Article: Mechanical and structural properties of archaeal hypernucleosomes
Authors: Henneman, Brouwer, Erkelens, Kuijntjes, van Emmerik, van der Valk, Timmer, Kirolos, van Ingen, van Noort, Dame
Journal: Nucleic Acids Research
DOI: 10.1093/nar/gkaa1196
Corresponding authors: rtdame@chem.leidenuniv.nl and noort@physics.leidenuniv.nl

Legend Figure 4) Mutations in the stacking interface of HMfA and HMfB destabilize the hypernucleosome. A) DNA-protein complexes of HMfAK31A E34A show similar compaction as wt HMfA below 0.5 pN, but unfold at lower force. The pink curve shows the wt data. Note that HMfAK31A E34A does not feature a second unfolding plateau. Grey circles show the refolding curve, which overlaps with the unfolding data.  Solid lines show fits to equation 10. The mutant features a reduced stiffness, stacking energy, wrapping energy and deflection angle, suggesting that the mutations not only affect stacking but also wrapping of DNA  B) DNA-protein complexes of HMfBD14A K30A E34A show similar stretching behavior as the HMfA mutant, but unfold at slightly lower force.

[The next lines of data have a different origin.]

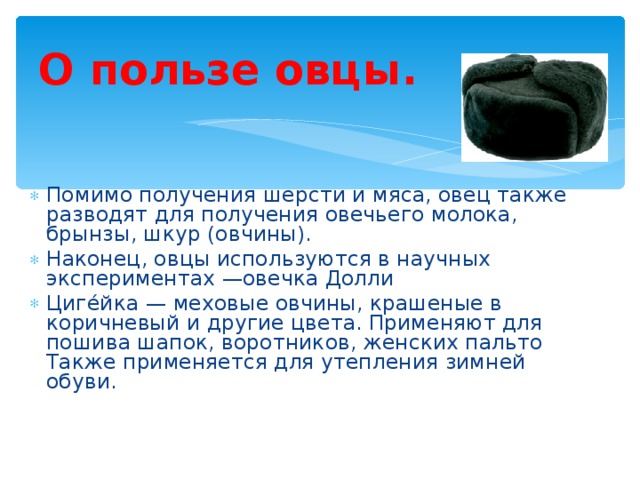 О пользе овцы. Помимо получения шерсти и мяса, овец также разводят для получения овечьего молока, брынзы, шкур (овчины). Наконец, овцы используются в научных экспериментах —овечка Долли Циге́йка — меховые овчины, крашеные в коричневый и другие цвета. Применяют для пошива шапок, воротников, женских пальто Также применяется для утепления зимней обуви.  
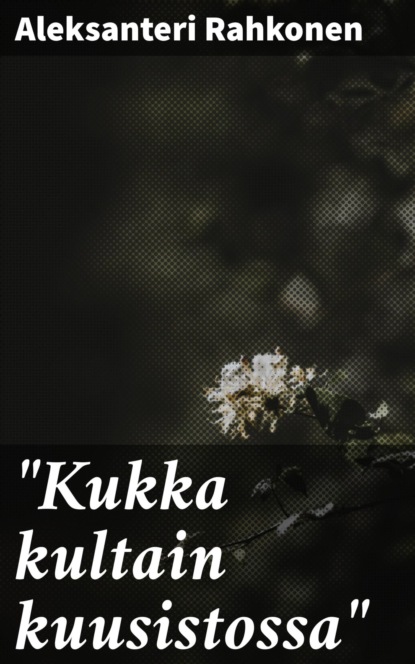 

"Kukka kultain kuusistossa"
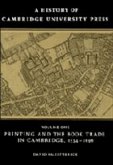 A History of Cambridge University Press: Volume 1, Printing and the Book Trade in Cambridge, 1534-1698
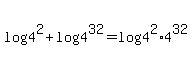 log%284%5E2%29%2Blog%284%5E32%29=log%284%5E2%2A4%5E32%29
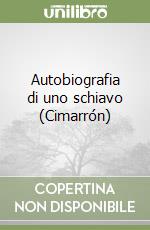 Autobiografia di uno schiavo (Cimarrón) libro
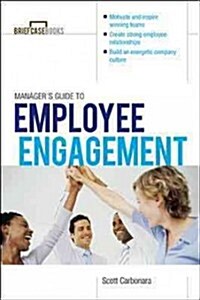 Managers Guide to Employee Engagement (Paperback)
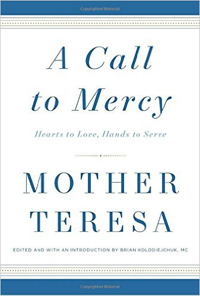 Mother Teresa, A Call to Mercy: Hearts to Love, Hands to Serve, edited and with an introduction by Brian Kolodiejchuk (New York: Image, 2016), 364 pp.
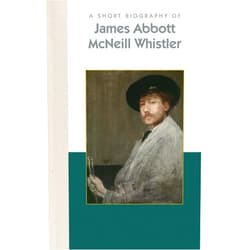 Applewood Books A Short Biography of James Abbott McNeill Whistler (Short Biographies)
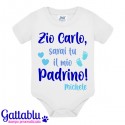 Body pagliaccetto neonato, bimbo, Zio sarai tu il mio Padrino PERSONALIZZABILE CON I NOMI DI ZIO E BIMBO!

A representative curve of wt HMfB is plotted in light blue. The fits show the same trend as for HMfA, but the mutations have a stronger effect, yielding similar mechanical properties for both mutants. Fit parameters are listed in table 2.

*** The data were obtained using Magnetic Tweezers as described in the associated article.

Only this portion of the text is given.